If you’re familiar with Gary Klein’s work, you likely know that he has written a thing or two about mindsets – what they are, the advantages and disadvantages of mindsets, and how we can work to shift them. In his latest Psychology Today blog, Gary introduces a different kind of mindset that can be effective in a variety of stressful and frustrating situations and environments – the comedy mindset.
Mindsets help us make sense of situations and in turn, can help guide our responses to those situations. Carol Dweck, a pioneer in the mindset research, paved the way by introducing two pivotal mindsets – fixed and growth. Dweck’s focus was on exploring the way people view their abilities. If you adopt a fixed mindset, you might think that your intelligence is something you were born with and that when you fail at something, it’s because you just aren’t good at that thing, whatever it may be. On the other hand, if you adopt a growth mindset, you might view your intelligence as something you can improve over time with hard work and determination. Failing at a given task doesn’t represent the limitations of your own intelligence and abilities, it represents an opportunity for growth. You view your failures as a challenge to do better, not a line in the sand demonstrating where your intelligence and abilities end.

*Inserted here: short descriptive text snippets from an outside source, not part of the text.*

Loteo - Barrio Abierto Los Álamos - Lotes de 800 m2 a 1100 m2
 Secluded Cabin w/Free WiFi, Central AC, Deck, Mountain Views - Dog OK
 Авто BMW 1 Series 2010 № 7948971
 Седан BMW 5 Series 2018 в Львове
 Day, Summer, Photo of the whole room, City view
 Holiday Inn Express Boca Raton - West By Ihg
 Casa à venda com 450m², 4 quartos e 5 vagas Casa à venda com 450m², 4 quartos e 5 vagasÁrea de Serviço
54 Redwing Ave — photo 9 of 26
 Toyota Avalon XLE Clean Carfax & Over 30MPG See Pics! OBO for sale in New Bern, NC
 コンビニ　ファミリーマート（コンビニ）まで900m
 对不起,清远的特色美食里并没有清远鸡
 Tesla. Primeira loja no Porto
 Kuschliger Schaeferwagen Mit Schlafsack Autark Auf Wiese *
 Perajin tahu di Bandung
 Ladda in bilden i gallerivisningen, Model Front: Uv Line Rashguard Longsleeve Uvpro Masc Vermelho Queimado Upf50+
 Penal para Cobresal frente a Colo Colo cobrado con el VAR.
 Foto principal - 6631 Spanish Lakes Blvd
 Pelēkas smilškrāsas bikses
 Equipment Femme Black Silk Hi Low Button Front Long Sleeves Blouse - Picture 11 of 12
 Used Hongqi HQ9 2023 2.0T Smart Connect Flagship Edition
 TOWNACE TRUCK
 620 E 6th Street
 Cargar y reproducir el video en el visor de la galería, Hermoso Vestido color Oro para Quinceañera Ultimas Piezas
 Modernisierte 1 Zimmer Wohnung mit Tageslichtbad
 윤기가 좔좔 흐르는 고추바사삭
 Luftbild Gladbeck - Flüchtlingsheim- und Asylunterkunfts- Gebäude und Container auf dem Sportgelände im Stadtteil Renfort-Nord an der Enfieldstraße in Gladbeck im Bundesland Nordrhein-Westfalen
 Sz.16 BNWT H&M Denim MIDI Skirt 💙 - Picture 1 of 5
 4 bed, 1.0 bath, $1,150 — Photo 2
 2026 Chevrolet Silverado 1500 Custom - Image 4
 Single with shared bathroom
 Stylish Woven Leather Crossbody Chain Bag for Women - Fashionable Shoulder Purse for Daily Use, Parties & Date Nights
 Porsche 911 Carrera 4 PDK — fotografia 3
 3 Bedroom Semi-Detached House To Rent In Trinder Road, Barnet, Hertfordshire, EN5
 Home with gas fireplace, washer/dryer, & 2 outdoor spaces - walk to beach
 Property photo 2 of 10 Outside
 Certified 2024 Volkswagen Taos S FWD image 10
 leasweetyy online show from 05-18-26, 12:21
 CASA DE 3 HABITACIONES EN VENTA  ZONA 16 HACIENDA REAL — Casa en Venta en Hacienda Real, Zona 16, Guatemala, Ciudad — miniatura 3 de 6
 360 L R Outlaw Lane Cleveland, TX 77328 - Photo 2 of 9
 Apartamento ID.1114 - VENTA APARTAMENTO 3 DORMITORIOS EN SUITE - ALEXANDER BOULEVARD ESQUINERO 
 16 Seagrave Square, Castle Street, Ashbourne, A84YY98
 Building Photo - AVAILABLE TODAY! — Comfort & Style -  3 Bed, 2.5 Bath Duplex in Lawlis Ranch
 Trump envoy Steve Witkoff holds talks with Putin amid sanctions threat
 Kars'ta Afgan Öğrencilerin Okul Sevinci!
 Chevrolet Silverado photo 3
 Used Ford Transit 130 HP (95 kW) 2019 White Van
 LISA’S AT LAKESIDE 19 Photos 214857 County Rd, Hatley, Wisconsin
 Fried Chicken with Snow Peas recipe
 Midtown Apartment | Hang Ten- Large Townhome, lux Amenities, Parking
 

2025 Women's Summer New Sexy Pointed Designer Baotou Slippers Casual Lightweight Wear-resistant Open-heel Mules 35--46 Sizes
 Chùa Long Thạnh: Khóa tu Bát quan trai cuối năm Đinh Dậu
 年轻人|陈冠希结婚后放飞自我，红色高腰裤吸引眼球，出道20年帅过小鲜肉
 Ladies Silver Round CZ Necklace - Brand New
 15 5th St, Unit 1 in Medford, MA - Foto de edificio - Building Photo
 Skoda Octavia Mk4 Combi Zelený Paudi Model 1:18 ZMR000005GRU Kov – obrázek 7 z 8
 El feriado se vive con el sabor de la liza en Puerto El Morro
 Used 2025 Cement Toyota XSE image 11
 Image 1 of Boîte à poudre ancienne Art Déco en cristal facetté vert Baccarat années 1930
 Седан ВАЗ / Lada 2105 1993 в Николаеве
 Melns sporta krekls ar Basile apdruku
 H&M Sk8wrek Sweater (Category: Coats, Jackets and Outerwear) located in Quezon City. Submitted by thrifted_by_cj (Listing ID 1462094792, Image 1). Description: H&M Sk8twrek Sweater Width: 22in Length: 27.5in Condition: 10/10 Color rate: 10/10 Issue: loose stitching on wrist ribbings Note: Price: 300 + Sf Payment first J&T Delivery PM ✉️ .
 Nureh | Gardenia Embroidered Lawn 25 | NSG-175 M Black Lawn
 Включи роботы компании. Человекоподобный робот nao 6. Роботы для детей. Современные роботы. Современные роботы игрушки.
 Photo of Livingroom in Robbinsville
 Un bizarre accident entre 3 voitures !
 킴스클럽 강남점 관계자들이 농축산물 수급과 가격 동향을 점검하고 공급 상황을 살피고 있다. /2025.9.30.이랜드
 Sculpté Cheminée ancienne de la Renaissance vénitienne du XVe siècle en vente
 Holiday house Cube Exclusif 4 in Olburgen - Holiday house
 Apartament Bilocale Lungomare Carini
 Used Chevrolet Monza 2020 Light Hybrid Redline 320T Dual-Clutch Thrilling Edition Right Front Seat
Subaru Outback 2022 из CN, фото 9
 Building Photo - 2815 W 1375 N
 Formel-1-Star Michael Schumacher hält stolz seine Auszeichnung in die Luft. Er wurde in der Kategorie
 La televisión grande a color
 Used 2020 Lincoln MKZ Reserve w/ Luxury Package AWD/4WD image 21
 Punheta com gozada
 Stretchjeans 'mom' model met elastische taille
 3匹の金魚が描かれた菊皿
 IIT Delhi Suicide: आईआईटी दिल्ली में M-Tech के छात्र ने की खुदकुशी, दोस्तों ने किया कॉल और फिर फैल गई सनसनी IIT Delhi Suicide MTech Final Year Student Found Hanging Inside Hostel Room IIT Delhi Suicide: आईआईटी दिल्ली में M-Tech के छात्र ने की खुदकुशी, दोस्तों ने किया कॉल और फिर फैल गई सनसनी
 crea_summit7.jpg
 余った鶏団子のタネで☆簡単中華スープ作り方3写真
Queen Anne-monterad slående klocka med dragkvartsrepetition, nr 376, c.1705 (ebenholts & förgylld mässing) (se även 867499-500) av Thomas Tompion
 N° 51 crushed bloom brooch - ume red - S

The comedy mindset is the newest addition to Gary’s work which has previously yielded the discovery of four different mindsets. Gary’s 2016 Psychology Today blog titled, Mindsets, outlines the four mindsets uncovered across a variety of domains: 1) a preoccupation with failure versus an eagerness for discoveries, 2) a desire to build trust, 3) seeking voluntary cooperation, and 4) investigator versus procedural mindset. Although the comedy mindset can be a helpful tool in allowing us to appreciate difficult and frustrating situations, it might not be appropriate for every situation. Part of the expertise in employing a comedy mindset is knowing when it is and isn’t an effective tool for a given situation.